I am usually intrigued whenever chicken or fish is “encrusted.” It makes the protein seem so special that it’s got its own protective armor of flavor. Usually putting a crust around something requires the right balance of oven temperature and cook time. You need to crisp up the outter layer without drying the rest of the thing out.
Luckily, this recipe for hummus crusted chicken is so easy that really anyone could do it. Maybe that’s because it doesn’t form a true crust (ie: nothing cracks or shatters as you cut through the chicken), but I think we can all agree that “hummus crusted chicken” just sounds much cooler than “chicken with hummus”. I’m a big fan of making chicken sandwiches that use hummus instead of mayo – and if you swith the regular bread for flatbread, ooh boy. This is similar, but by heating it up and removing the bread it’s becomes dinner-y. The recipe says to go with either paprika or sumac. I couldn’t decide so I tried one on each chicken breast, and I think I preferred the sumac. I used a garlic flavored hummus, but if you use regular (ie: classic flavor), I would recommend adding a little garlic to the dish…but that’s one extra step…so just do what I did from the get-go. If you do that, you are literally just slapping hummus on chicken and throwing it in the oven. Your entire meal is done in 30 minutes and you’re not really dirtying any dishes.
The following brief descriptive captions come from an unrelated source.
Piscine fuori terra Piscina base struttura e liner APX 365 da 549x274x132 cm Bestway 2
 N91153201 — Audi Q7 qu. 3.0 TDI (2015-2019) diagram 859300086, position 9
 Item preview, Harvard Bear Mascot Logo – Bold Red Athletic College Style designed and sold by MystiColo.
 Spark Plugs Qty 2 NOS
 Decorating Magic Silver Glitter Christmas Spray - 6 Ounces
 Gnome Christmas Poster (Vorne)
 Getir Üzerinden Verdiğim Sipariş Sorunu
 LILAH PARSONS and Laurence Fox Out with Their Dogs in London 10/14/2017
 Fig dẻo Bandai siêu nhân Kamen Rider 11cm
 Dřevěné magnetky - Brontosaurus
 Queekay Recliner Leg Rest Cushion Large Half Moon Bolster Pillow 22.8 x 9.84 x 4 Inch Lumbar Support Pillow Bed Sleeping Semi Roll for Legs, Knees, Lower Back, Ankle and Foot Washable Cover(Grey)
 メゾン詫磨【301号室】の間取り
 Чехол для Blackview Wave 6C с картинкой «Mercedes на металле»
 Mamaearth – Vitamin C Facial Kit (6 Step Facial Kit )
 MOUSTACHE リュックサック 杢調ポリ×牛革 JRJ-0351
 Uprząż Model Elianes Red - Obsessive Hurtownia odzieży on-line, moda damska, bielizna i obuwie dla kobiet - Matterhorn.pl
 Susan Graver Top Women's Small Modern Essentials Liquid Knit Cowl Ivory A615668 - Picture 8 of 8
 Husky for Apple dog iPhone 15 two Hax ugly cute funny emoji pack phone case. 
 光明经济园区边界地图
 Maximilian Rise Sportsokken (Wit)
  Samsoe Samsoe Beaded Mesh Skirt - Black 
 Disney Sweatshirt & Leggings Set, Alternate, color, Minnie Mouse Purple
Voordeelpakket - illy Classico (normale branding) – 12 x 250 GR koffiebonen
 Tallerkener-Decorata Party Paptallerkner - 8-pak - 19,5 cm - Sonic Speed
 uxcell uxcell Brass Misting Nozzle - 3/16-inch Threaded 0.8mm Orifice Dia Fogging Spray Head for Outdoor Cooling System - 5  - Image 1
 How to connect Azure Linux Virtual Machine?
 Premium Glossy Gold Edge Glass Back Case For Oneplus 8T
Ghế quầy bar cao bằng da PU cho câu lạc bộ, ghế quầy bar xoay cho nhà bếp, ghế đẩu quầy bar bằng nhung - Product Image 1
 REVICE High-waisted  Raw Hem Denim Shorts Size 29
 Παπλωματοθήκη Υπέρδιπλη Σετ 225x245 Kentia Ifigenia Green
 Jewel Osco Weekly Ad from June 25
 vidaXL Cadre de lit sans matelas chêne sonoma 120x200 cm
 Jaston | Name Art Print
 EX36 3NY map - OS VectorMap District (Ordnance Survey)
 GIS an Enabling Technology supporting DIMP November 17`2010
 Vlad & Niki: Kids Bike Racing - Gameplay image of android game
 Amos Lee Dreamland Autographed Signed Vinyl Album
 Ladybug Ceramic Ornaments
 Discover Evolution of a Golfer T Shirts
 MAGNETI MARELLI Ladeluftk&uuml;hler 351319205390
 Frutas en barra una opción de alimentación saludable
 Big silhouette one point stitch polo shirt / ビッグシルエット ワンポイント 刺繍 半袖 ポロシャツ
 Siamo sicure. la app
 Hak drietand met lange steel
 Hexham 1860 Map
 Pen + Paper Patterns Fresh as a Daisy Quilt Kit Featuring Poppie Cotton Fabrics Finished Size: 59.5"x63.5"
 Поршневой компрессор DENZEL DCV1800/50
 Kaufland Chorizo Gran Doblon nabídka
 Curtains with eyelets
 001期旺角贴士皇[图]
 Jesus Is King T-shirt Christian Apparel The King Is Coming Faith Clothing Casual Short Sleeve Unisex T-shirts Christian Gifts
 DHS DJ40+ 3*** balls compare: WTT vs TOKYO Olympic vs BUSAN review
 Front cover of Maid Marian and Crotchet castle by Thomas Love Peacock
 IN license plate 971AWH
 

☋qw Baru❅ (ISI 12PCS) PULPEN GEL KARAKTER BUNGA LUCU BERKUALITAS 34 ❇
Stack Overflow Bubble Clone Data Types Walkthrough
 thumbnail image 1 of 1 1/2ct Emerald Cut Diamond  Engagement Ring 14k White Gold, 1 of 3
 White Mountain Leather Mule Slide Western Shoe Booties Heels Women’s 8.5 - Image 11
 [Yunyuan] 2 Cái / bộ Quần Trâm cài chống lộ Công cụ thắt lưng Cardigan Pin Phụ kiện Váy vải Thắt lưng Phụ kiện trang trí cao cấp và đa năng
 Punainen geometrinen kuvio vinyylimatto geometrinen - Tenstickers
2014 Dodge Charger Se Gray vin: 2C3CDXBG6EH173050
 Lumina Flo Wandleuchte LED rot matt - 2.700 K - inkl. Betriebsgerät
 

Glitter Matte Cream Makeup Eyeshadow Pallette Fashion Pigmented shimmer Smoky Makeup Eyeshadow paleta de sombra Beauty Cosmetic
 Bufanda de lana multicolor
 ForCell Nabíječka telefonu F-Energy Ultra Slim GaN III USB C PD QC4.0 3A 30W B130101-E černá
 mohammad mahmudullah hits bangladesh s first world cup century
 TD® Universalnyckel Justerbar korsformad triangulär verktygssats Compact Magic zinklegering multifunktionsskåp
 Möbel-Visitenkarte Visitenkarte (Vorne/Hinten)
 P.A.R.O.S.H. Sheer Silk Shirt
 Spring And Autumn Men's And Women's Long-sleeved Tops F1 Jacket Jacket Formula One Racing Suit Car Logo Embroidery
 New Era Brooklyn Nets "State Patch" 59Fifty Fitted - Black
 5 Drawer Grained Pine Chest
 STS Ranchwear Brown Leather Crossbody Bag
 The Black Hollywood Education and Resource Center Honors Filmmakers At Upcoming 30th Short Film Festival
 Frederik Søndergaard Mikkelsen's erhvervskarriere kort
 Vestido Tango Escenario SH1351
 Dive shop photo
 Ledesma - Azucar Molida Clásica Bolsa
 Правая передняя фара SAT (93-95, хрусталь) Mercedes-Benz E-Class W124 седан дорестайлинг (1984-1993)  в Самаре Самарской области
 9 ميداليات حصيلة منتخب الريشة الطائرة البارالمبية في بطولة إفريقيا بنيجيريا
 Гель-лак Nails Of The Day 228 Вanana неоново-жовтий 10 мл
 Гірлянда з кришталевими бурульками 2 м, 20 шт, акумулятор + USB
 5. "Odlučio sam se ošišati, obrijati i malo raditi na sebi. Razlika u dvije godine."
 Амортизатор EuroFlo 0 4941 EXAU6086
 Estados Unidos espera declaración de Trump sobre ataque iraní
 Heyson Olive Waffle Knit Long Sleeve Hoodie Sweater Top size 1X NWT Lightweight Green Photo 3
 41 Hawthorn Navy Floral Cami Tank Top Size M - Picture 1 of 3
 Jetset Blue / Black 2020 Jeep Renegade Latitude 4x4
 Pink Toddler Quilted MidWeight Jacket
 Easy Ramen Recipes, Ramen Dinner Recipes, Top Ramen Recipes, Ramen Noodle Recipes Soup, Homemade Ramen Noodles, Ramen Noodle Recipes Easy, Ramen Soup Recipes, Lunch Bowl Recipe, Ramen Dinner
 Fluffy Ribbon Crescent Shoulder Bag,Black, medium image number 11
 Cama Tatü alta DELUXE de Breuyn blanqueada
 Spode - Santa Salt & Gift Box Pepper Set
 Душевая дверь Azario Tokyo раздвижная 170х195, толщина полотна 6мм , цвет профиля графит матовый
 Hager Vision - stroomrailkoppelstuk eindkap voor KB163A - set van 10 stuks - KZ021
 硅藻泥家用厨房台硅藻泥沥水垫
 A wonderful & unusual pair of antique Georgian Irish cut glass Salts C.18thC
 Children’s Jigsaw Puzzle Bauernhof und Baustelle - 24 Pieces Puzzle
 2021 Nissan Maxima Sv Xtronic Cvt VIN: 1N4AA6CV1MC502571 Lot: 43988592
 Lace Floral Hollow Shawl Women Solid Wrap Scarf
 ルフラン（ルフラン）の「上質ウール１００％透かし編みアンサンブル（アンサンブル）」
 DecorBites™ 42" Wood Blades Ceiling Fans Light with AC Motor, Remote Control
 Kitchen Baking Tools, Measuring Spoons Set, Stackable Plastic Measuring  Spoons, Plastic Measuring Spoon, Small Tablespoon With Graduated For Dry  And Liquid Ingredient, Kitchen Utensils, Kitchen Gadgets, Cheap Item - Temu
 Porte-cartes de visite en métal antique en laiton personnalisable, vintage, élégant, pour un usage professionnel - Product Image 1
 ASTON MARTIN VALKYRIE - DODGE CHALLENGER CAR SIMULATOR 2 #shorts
In addition to being a nice little topping for the chicken, the hummus mixes with the lemon juice and then some of it slides off the chicken a bit to make a nice sauce for the veggies or rice you serve it with. This part is key, so that’s why I recommend being very generous when putting that layer of hummus on top of the chicken. You may think you’re being a little heavy handed, but I’m guessing it’s just right.